START MATERIAL FOR THIS TASK

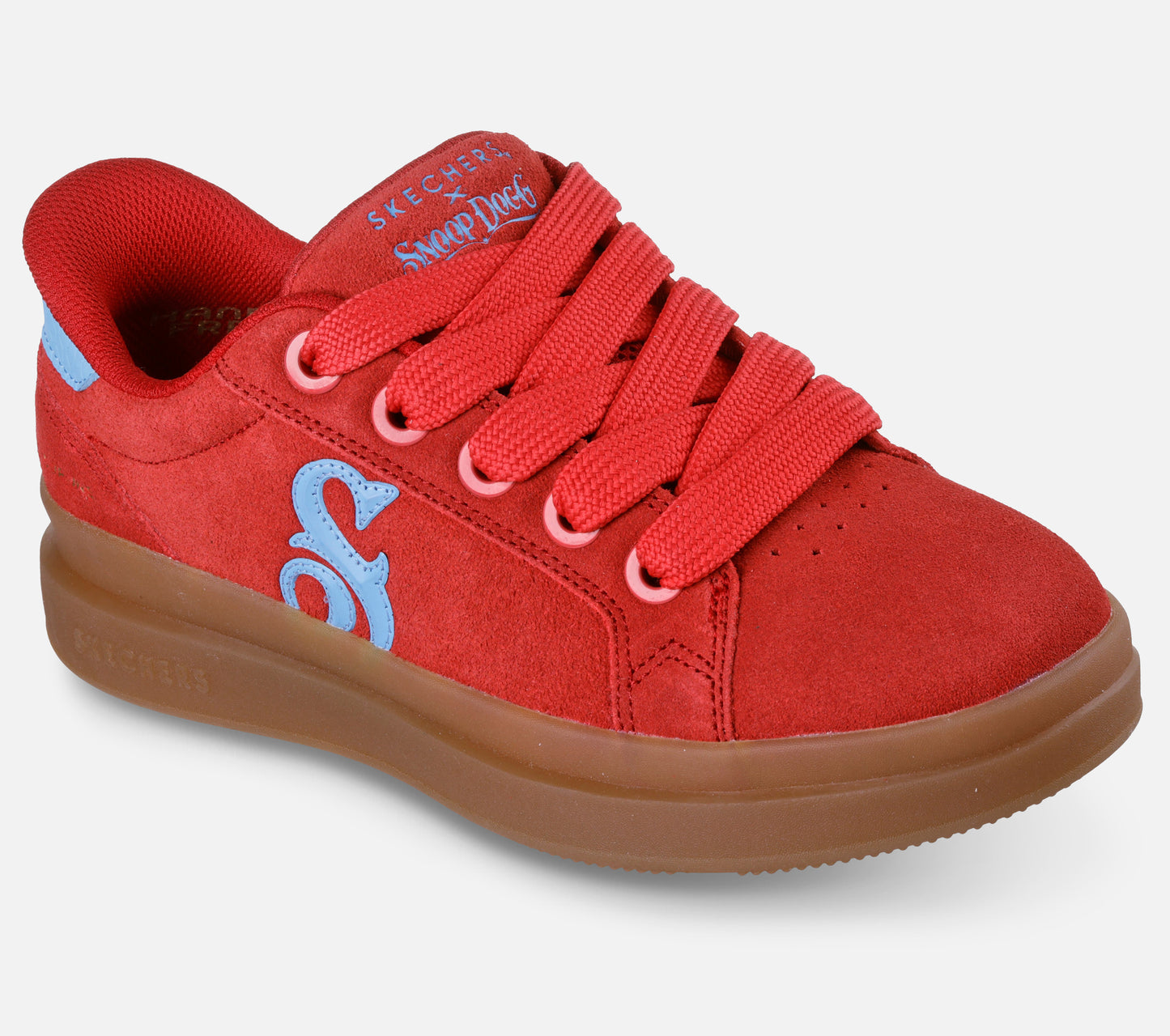Snoop Dogg: Slip-ins: Courtside - Cali Girlz Shoe Skechers.fi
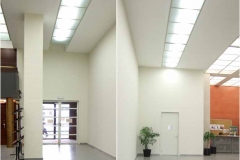 Pintura para oficinas en Barcelona, Pintura para despachos en Barcelona, pintura para naves en Barcelona (1)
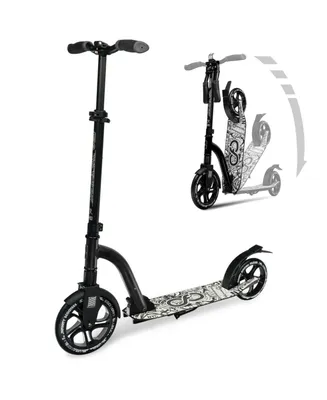 Crazy Skates New York Foldable Kick Scooter - Great Scooters For Teens And Adults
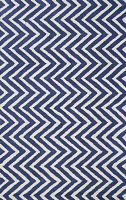 ковер zig zag синий 120х180 в Тольятти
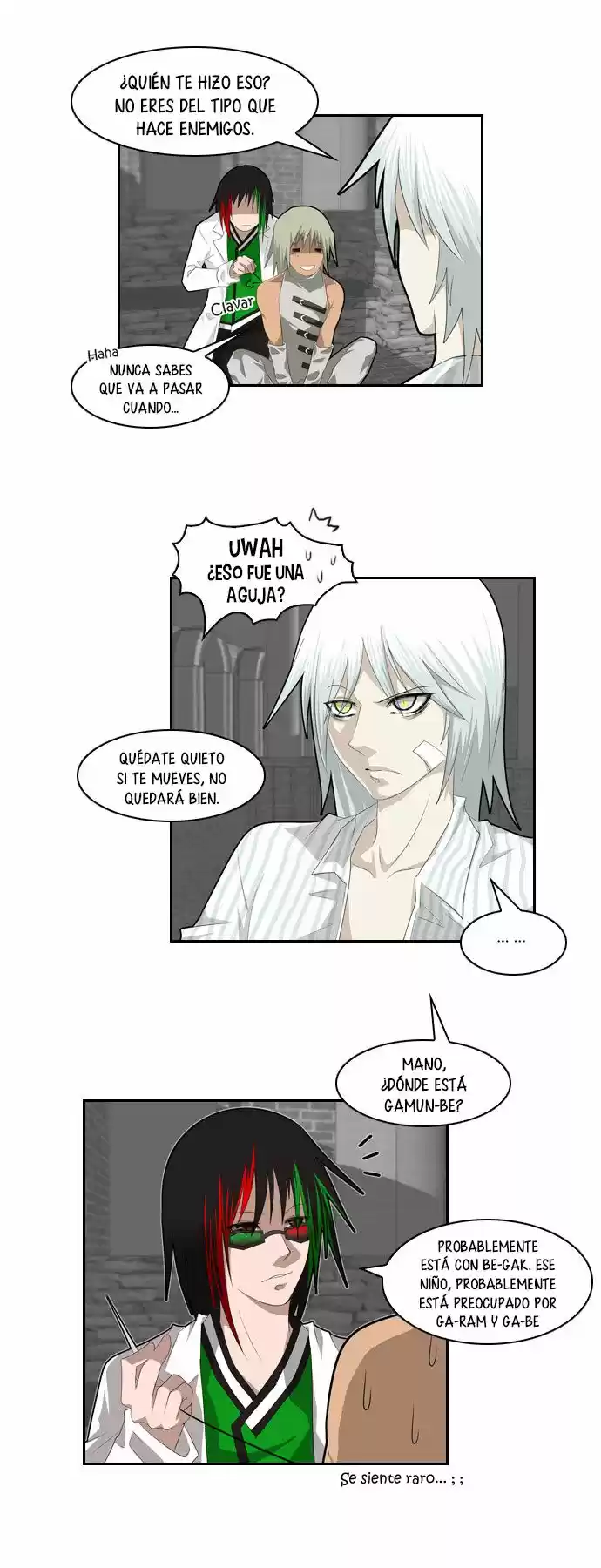 TAL MANGA (2011) - Capítulo 72 - Página 6 - LectorTMOo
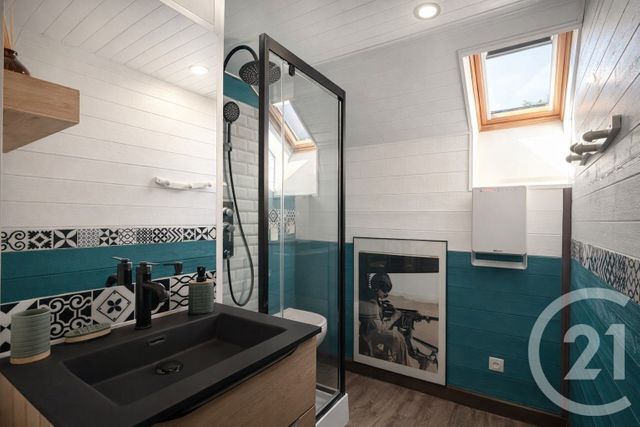 Maison &agrave; vendre - 5 pi&egrave;ces - 125 m2 - Barraux - 38 - RHONE-ALPES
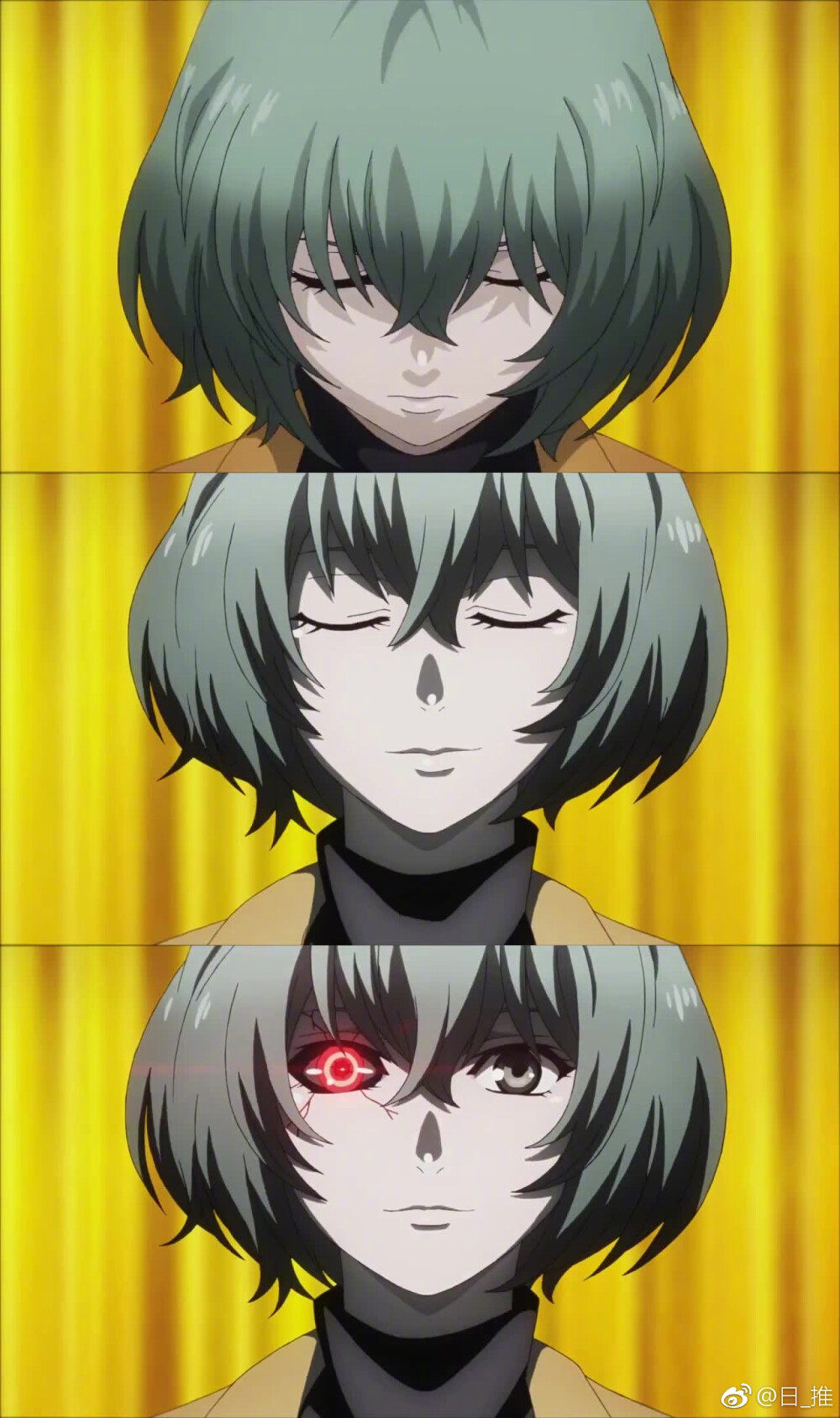 tv动画东京喰种re最终章10月开播宣番cm第1弹67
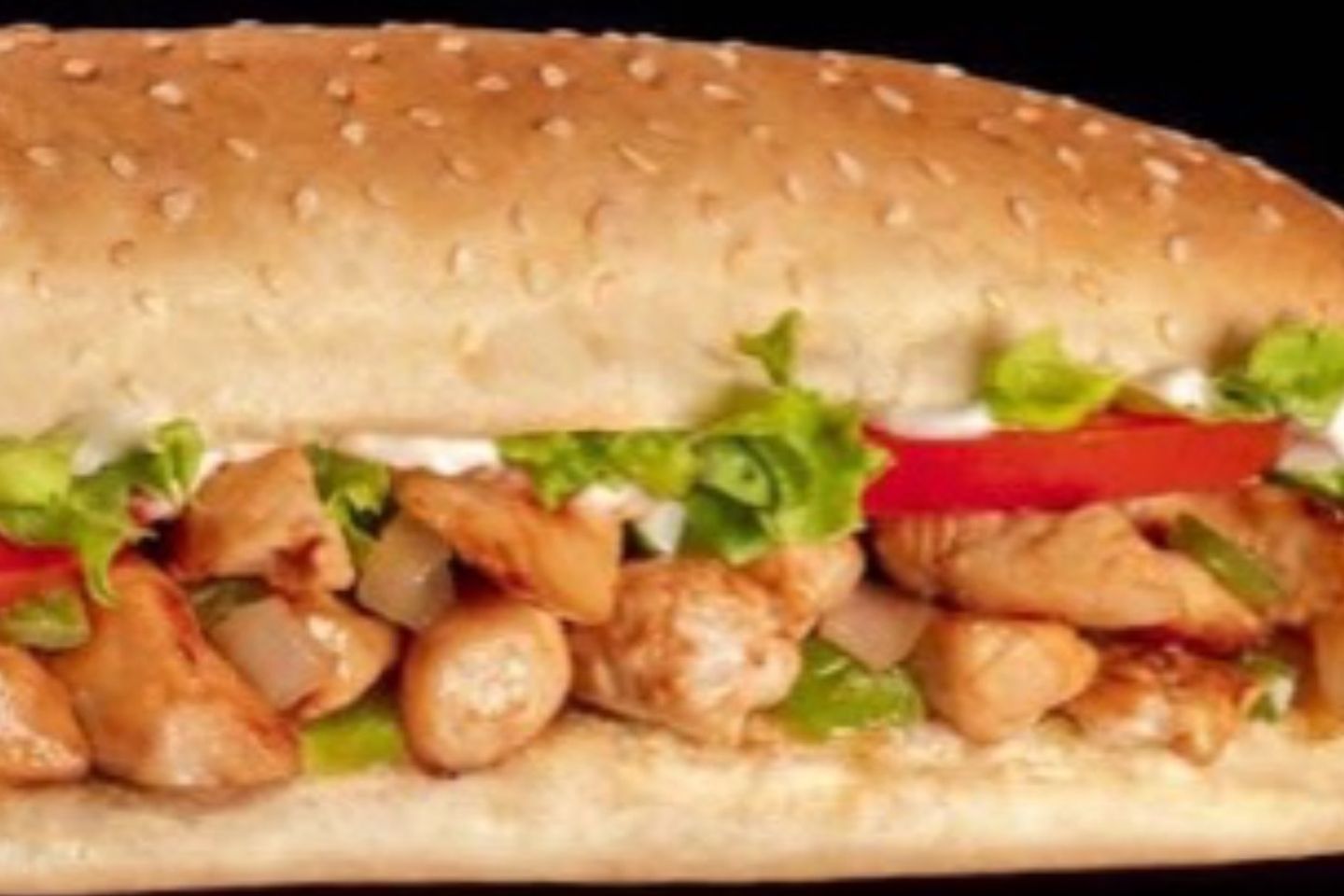 كودو دجاج مشوي - كودو دجاج ساندوتش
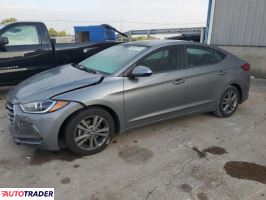 Hyundai Elantra 2018 2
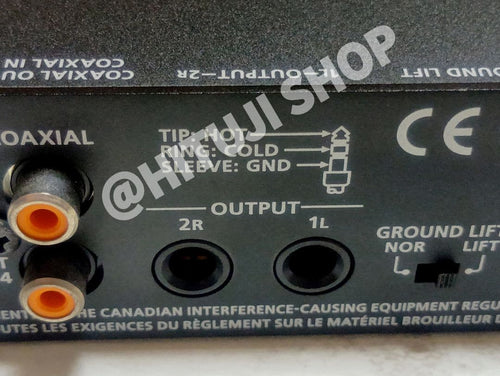 Roland Audio Interfaces Quad Capture Ua-55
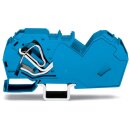 Wago 785-604 2-Leiter-Durchgangsklemme 35 mm² blau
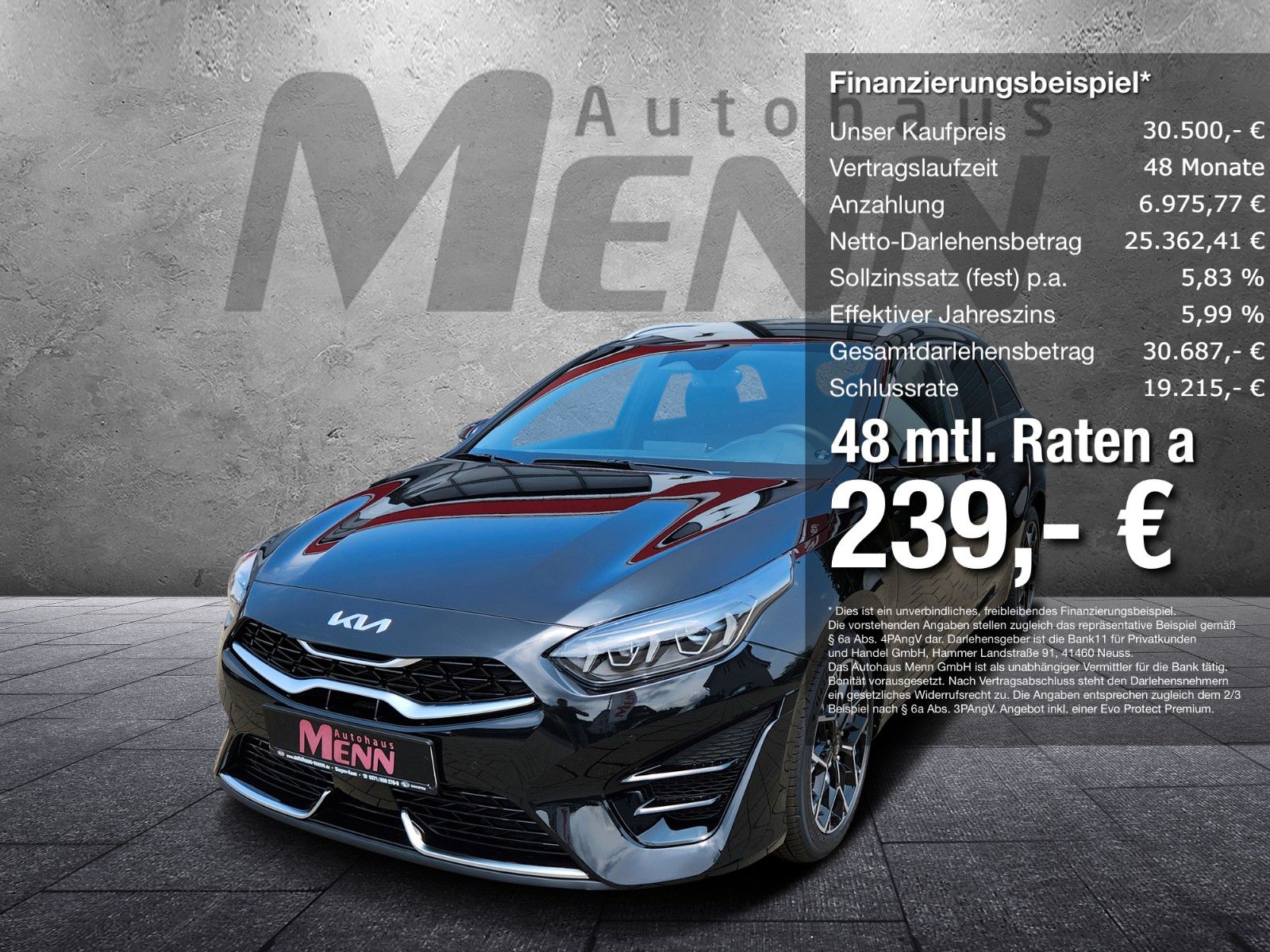 Kia cee'd Sportswagon 2025, 210 км, 103 kW (140 PS) бензин, автомат — фото с аукциона, доставка в Беларусь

END MATERIAL FOR THIS TASK

_TASK TO COMPLETE:_ The line containing "Wago 785-604 2-Leiter-Durchgangsklemme" and every line after it, through the end of the records, are what you should retype exactly. Do not include the pictures.

_OUTPUT OF THE TASK:_
 Wago 785-604 2-Leiter-Durchgangsklemme 35 mm² blau
 Kia cee'd Sportswagon 2025, 210 км, 103 kW (140 PS) бензин, автомат — фото с аукциона, доставка в Беларусь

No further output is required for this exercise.